The BMW 3 Series fifth generation spans four body codes: E90 (sedan), E91 (Touring estate), E92 (coupé), and E93 (convertible). Production ran from December 2004 through October 2013, with the sedan ending first in October 2011 and the coupé and convertible continuing until mid-2013. This was the last 3 Series to offer naturally aspirated inline-six engines alongside turbocharged variants, and the only generation where the M3 used a V8. All four body styles share a 2,760 mm wheelbase. For full chassis genealogy, see the BMW 3 Series (E90) Wikipedia article.
The sedan (E90) and Touring (E91) received their mid-cycle facelift in September 2008. BMW calls this the LCI, for Life Cycle Impulse. The coupé (E92) and convertible (E93) received their LCI for the 2011 model year. The update revised front and rear lighting, bumper trim, and introduced xDrive all-wheel drive as a factory option across several variants. Before the LCI, all-wheel drive models carried the "xi" or "xd" suffix; the "xDrive" naming standardised at the update. Body kit fitment at the front can be LCI-specific: pre-LCI and post-LCI bumpers differ in mounting geometry and light apertures on some kits. Confirm your build year before ordering.
The 335i is the variant most valued by the tuning community. Its N54 twin-turbo engine responds to software tuning with power gains far beyond the cost of the work. Stage 1 software on a stock N54 consistently produces 350 PS or more from a factory-rated 306 PS base. The N55 replaced the N54 in 2010 with a single twin-scroll turbocharger; both produce the same quoted output but the N54 remains the preferred base for high-power builds. At the other end is the M3's S65 V8: naturally aspirated, 4.0 litres, individual throttle bodies for each cylinder, 12.0:1 compression, 8,400 rpm redline, 420 PS and 400 Nm.
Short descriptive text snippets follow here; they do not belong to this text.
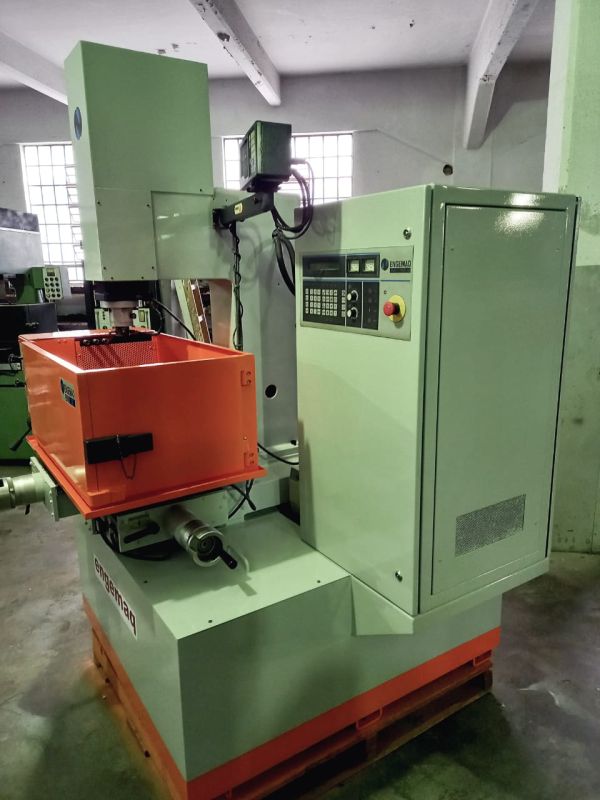 Eletroerosão por Penetração ENGEMAQ EDM 440NC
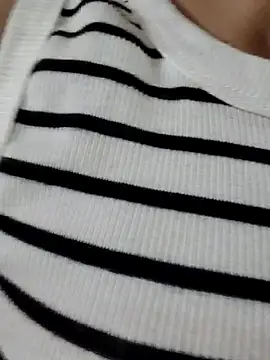 Snapshot of kiran-baby chatting on May 21, 5:31 pm kiran-baby online show from May 21, 5:31 pm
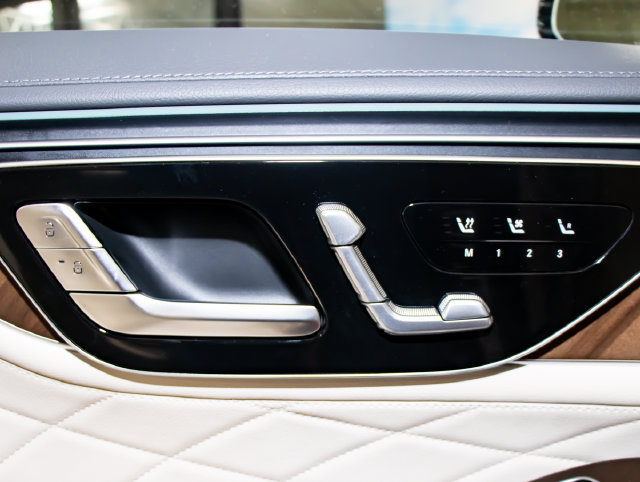 New 2027 Mercedes-Benz S 580 4MATIC Sedan image 14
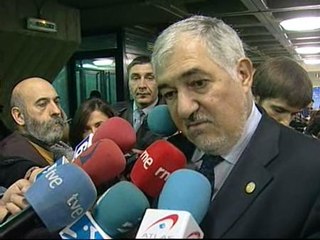 Conde-Pumpido advierte: "O se apartan del terrorismo o no podrán hacer política"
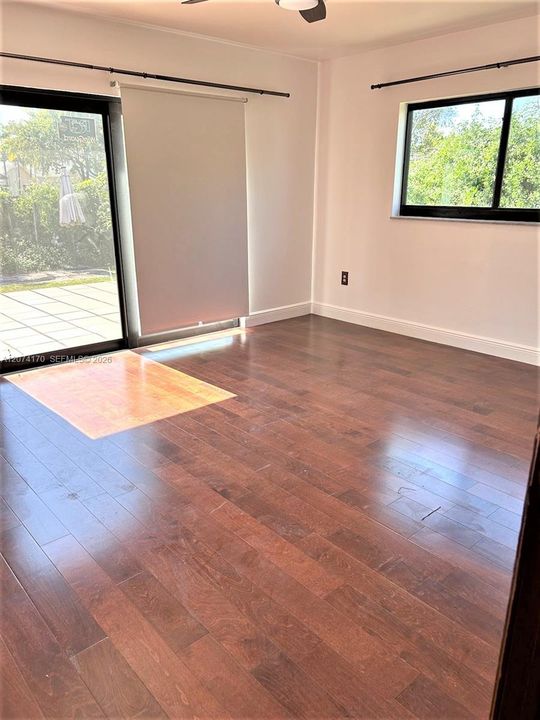 For Rent: $4,000 (3 beds, 2 baths, 1651 Square Feet)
The S65 won the International Engine of the Year award in its displacement class every year from 2008 to 2012. It is the only generation of M3 to use a V8, and BMW has not repeated the format since.
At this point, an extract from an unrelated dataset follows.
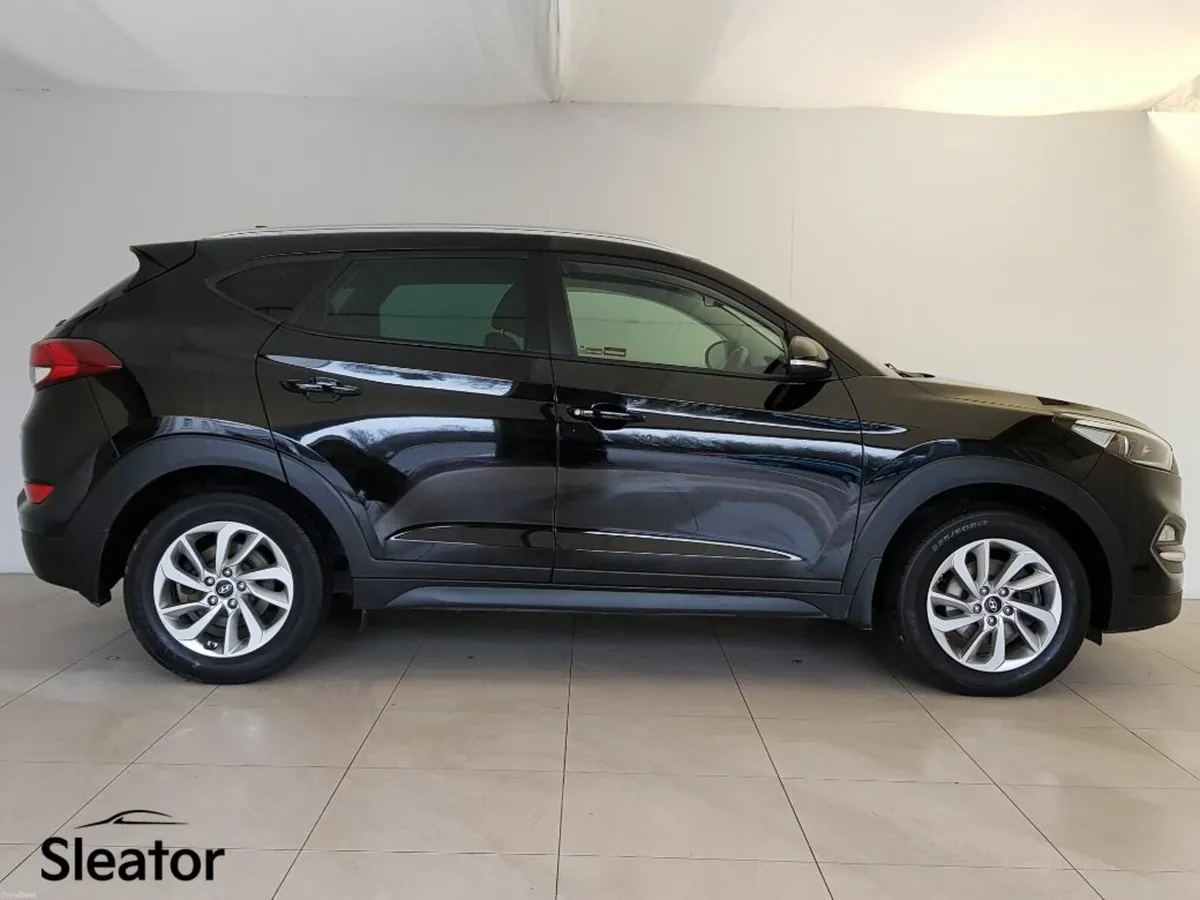 Hyundai Tucson Executive 5DR - Image 2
The E92 coupé is the primary body kit platform in this family. Wide-body kits for the E90 sedan also exist, including WTCC-inspired overfender designs referencing the 320si homologation car produced in 2,600 units for the 2006–2009 World Touring Car Championship. The E91 Touring sees the least demand for body kit work, but the shared front-end structure means front bumpers, bonnet aero, and side skirts designed for E90/E91 also fit the Touring. E90 and E91 share front-end geometry but not rear quarter panels. E92 and E93 share a different front-end with each other but differ significantly from E90/E91 at the rear. All four body codes require their own rear bumper and rear arch parts. Order by body code and confirm the specific parts list before purchasing.